La ricaduta sull’indotto è non meno drammatica
La stessa Calamita ha poi chiesto all’azienda garanzie sul turnover, sperando che in questo caso non si tratti di semplici parole. L’azienda, infatti, per ora non ha fornito alcuna risposta alle domande relative al futuro produttivo e occupazionale. Limitandosi a sostenere che è tutto legato alla domanda e al mercato. E, di conseguenza, alla risposta dei consumatori rispetto ai nuovi modelli.
Modelli che, però, tardano ad apparire, causando ulteriore preoccupazione. Anche perché la situazione rischia di farsi pesante anche per l’indotto. La FIOM-CGIL, infatti, ha dal canto suo puntato l’obiettivo sulla componentistica. Sollevando timori per le possibili ricadute su una realtà ove la situazione è già drammatica.
Va ricordato che oltre alla DS8, nel prossimo mese di giugno dovrebbe iniziare la produzione della Compass elettrica. Mentre entro la fine dell’anno dovrebbe iniziare quella della pre-serie della Compass in versione ibrida, destinata a sua volta ad entrare in produzione dal primo semestre del 2026. Un avvio che riguarderà anche la DS7, nella doppia motorizzazione ibrida ed elettrica. Nel secondo semestre del 2026, infine, dovrebbe avviarsi alle linee di produzione anche la nuova Lancia Gamma, sia ibrida che elettrica.
Stellantis va verso la dismissione degli impianti italiani?
Messi insieme uno sull’altro, i dati in questione sembrano andare in una direzione del tutto contraria a quella indicata da Stellantis nel suo piano di rilancio. Tanto da destare allarme nelle centrali sindacali interessate.

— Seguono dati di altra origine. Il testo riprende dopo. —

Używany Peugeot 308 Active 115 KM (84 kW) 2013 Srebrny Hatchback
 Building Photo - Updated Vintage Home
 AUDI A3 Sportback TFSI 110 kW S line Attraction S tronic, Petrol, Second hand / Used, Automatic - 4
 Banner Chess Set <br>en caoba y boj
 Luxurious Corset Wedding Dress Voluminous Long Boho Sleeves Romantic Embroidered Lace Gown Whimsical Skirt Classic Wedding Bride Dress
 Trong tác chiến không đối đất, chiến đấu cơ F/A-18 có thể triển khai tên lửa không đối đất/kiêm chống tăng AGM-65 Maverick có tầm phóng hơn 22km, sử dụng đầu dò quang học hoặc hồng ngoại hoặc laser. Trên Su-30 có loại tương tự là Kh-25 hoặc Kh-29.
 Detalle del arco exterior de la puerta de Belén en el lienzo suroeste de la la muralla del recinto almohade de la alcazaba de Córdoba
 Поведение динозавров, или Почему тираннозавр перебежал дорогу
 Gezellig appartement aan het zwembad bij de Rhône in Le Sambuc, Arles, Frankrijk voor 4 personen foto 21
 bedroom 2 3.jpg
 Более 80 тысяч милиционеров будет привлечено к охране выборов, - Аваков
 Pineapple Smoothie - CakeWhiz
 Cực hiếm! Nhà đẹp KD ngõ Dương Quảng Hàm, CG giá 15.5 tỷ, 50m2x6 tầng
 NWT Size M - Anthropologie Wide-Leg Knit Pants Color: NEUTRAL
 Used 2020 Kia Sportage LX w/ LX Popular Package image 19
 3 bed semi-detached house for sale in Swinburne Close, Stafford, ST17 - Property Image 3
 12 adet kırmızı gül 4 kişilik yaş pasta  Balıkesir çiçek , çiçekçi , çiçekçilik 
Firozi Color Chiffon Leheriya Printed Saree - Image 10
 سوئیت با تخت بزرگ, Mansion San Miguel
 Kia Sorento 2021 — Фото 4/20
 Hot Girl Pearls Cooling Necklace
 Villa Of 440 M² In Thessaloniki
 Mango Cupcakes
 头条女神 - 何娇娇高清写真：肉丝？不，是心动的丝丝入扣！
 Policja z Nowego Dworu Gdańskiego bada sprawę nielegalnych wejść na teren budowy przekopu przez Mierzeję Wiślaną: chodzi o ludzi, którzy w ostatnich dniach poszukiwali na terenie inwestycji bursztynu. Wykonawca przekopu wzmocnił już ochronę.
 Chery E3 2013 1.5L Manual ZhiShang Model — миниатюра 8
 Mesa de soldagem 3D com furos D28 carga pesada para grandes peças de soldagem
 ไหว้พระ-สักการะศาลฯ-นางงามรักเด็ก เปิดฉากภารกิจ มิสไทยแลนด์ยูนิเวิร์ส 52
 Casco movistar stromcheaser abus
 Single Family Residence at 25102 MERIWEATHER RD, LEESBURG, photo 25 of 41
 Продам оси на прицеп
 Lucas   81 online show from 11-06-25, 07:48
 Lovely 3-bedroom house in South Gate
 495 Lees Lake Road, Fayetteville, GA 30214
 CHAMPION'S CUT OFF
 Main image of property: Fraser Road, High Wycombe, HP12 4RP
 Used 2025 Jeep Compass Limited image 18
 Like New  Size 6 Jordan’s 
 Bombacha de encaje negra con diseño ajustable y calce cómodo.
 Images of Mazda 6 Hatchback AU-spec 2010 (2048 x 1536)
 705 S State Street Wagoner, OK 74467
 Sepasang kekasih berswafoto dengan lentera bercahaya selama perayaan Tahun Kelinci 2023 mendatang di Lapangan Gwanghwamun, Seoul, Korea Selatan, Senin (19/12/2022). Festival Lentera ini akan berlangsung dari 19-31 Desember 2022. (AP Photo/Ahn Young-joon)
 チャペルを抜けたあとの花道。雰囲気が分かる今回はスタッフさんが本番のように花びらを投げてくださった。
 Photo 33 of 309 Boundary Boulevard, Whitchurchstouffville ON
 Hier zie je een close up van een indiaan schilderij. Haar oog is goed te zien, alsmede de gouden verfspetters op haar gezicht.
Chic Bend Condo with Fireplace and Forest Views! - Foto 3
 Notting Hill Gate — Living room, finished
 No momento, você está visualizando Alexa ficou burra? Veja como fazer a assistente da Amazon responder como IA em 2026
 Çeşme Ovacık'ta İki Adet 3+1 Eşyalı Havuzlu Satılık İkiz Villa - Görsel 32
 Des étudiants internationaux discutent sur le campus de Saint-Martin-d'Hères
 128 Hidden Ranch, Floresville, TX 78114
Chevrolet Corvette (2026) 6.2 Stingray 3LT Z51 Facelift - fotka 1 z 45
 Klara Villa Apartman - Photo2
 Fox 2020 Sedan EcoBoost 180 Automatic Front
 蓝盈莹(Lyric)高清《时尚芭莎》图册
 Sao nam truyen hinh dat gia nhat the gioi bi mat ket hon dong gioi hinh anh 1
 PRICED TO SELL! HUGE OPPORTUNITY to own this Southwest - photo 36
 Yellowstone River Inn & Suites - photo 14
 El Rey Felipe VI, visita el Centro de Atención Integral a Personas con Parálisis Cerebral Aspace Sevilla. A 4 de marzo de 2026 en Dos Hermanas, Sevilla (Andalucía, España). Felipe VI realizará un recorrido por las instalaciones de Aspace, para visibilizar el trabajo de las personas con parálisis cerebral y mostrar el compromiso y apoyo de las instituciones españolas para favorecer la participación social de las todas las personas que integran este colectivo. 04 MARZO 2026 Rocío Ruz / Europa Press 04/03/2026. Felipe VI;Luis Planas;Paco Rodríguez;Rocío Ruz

È stato Samuele Lodi, responsabile nazionale per il settore mobilità di FIOM-CGIL a sottolinearlo, con queste parole: “Tutto questo accade quando ancora non è stato scelto l’amministratore delegato del gruppo e quindi siamo ancora in assenza di un piano industriale per il rilancio degli stabilimenti italiani. Sembra si stia configurando un vero e proprio piano di dismissione dall’Italia. Per tali ragioni, la Fiom-Cgil non ha firmato gli esuberi”.
Per poi aggiungere ,a richiesta di un confronto reale a Palazzo Chigi con John Elkann. Con una missione di non poco conto, il conseguimento di un accordo in grado di “garantire l’occupazione e il futuro dell’automotive nel nostro Paese”. In assenza del quale, l’Italia potrebbe ritrovarsi senza un settore in passato fiorente.